*** Data supplied ***
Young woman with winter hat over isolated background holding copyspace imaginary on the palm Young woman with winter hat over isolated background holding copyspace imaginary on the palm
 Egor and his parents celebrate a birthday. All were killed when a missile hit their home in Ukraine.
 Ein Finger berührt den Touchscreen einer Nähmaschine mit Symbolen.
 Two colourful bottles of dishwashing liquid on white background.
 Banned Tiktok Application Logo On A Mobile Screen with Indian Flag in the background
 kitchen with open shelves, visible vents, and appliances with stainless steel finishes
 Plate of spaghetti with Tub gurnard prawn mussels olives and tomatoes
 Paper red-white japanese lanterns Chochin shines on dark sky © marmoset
*** End of Data supplied ***
**Work instruction**
Only lines with the string "background" belong in the answer; copy each of them from the listing.

**Solution for this task**
Young woman with winter hat over isolated background holding copyspace imaginary on the palm Young woman with winter hat over isolated background holding copyspace imaginary on the palm
 Two colourful bottles of dishwashing liquid on white background.
 Banned Tiktok Application Logo On A Mobile Screen with Indian Flag in the background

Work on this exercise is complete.